Она вернулась к столярной мастерской, сделала Павлу знак дожидаться снаружи и бесшумно приоткрыла дверь.

К счастью, суровый хозяин мастерской удалился в дальний конец, где распекал кого-то из столяров. Надежда увидела молодого парня в заляпанном краской комбинезоне и поманила его:

– Молодой человек, можно вас на секундочку?
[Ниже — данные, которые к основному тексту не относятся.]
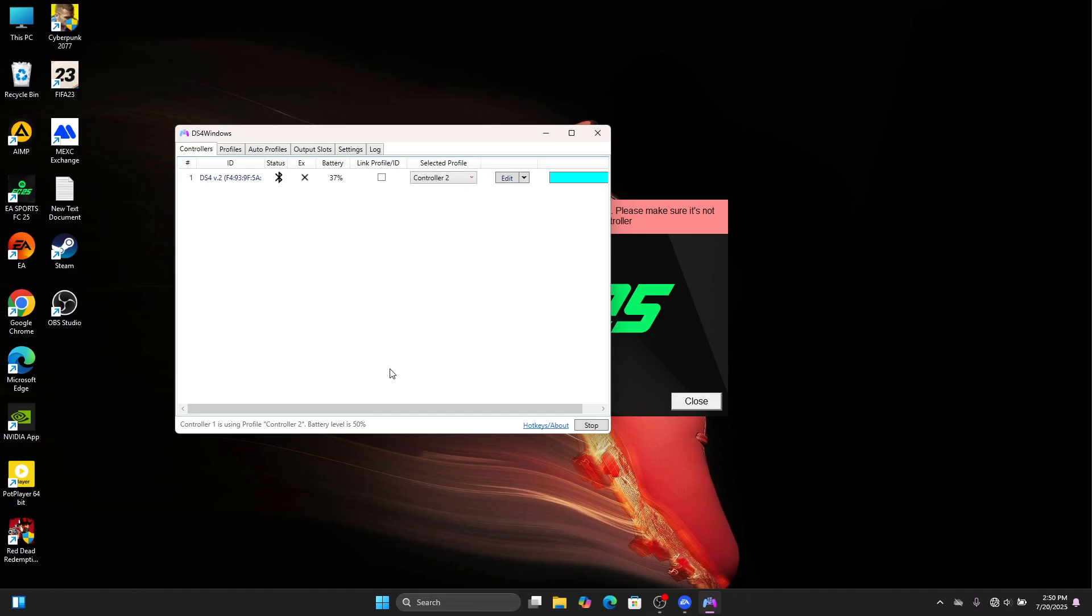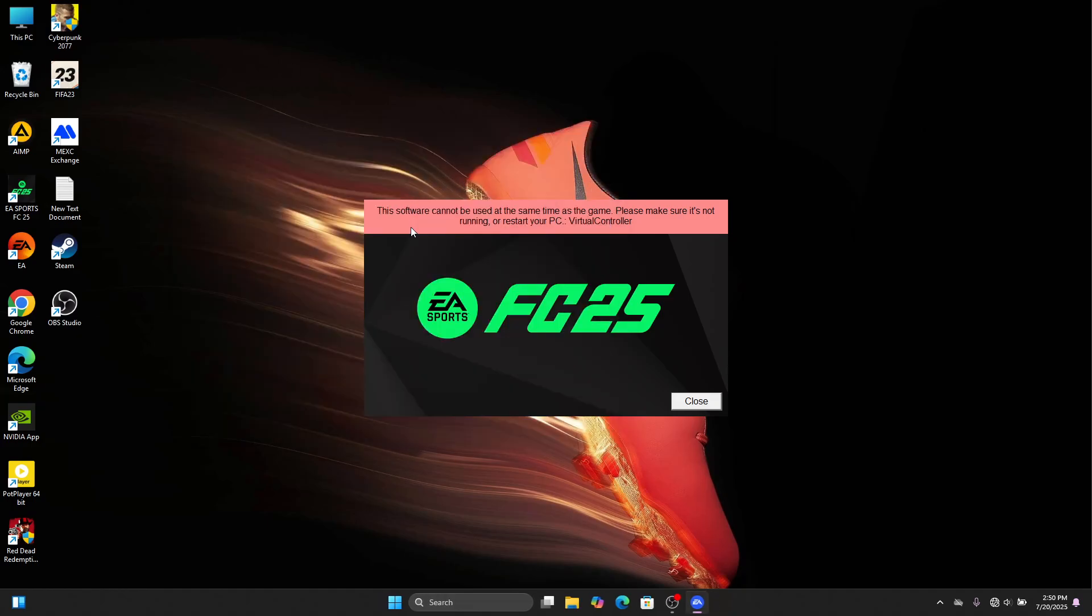So usually, if you have the software running, anytime you try launching FC 25, that is what you're going to get. This is because the EA app won't allow you to use DS4Windows at the same time as running the game. The solution is very simple.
– Чего? – протянул парень, неторопливо приблизившись. – Если вам двери, так это к хозяину… – и он махнул рукой в ту сторону, откуда доносились крики.

– Больно он у вас сердитый, – вполголоса проговорила Надежда, – да мне по другому делу… мне бы Таню найти, которая у вас работала.

– Танька больше не работает, уволил он ее!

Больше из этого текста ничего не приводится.